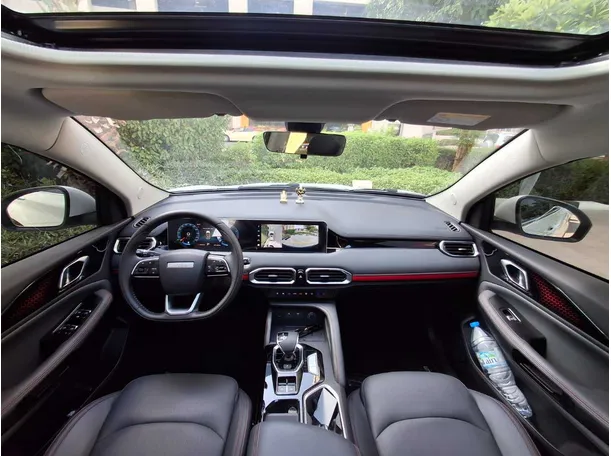 Car image 17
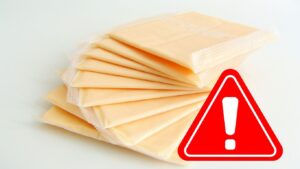 Το ατύχημα στη γραμμή ατομικής συσκευασίας που γέμισε το τυρί του τοστ με πλαστικό – Απανωτές ανακλήσεις από τα ράφια των σούπερ μάρκετ
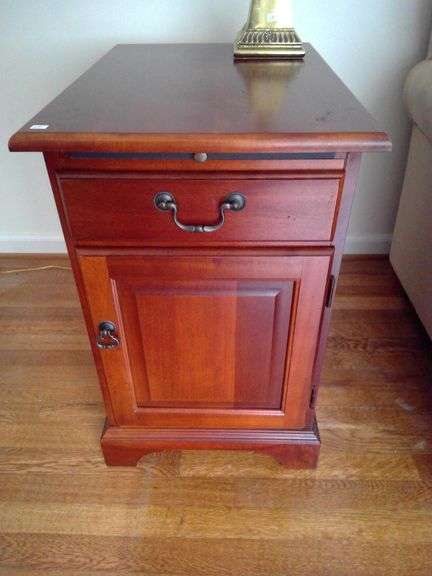 Riverside Furniture End Table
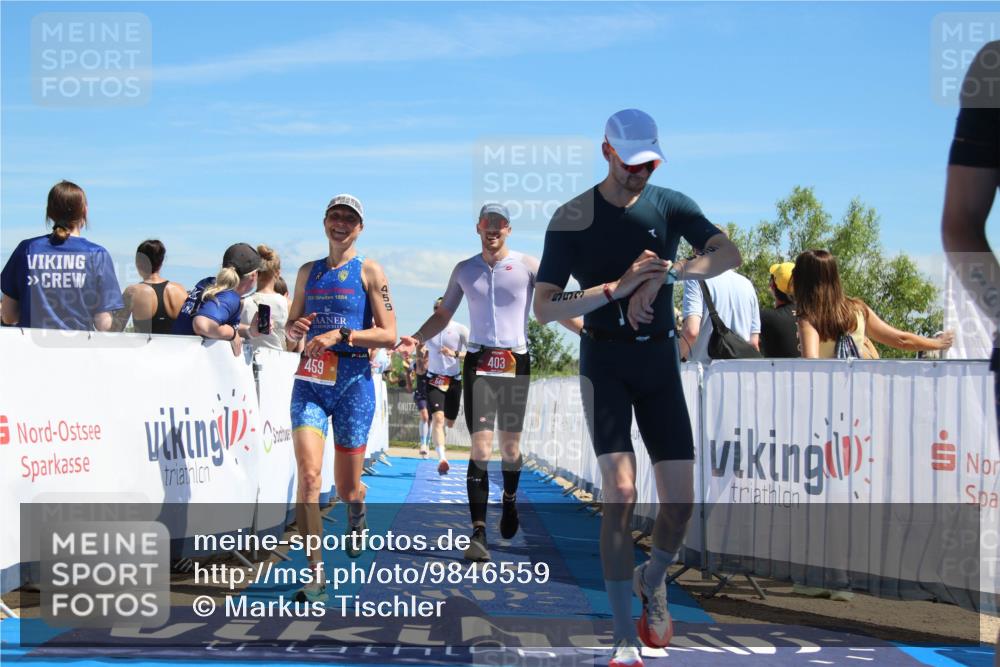 21.06.2026 - Viking Triathlon Markus Tischler http://msf.ph/oto/9846559 21.06.2026 15:00:09 Ziel 351, 403, 459, 546, 553 meine-sportfotos.de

What you should do:
All of the material above must be retyped exactly, line for line, with the images dropped.

Answer space:
 Car image 17
 Το ατύχημα στη γραμμή ατομικής συσκευασίας που γέμισε το τυρί του τοστ με πλαστικό – Απανωτές ανακλήσεις από τα ράφια των σούπερ μάρκετ
 Riverside Furniture End Table
 21.06.2026 - Viking Triathlon Markus Tischler http://msf.ph/oto/9846559 21.06.2026 15:00:09 Ziel 351, 403, 459, 546, 553 meine-sportfotos.de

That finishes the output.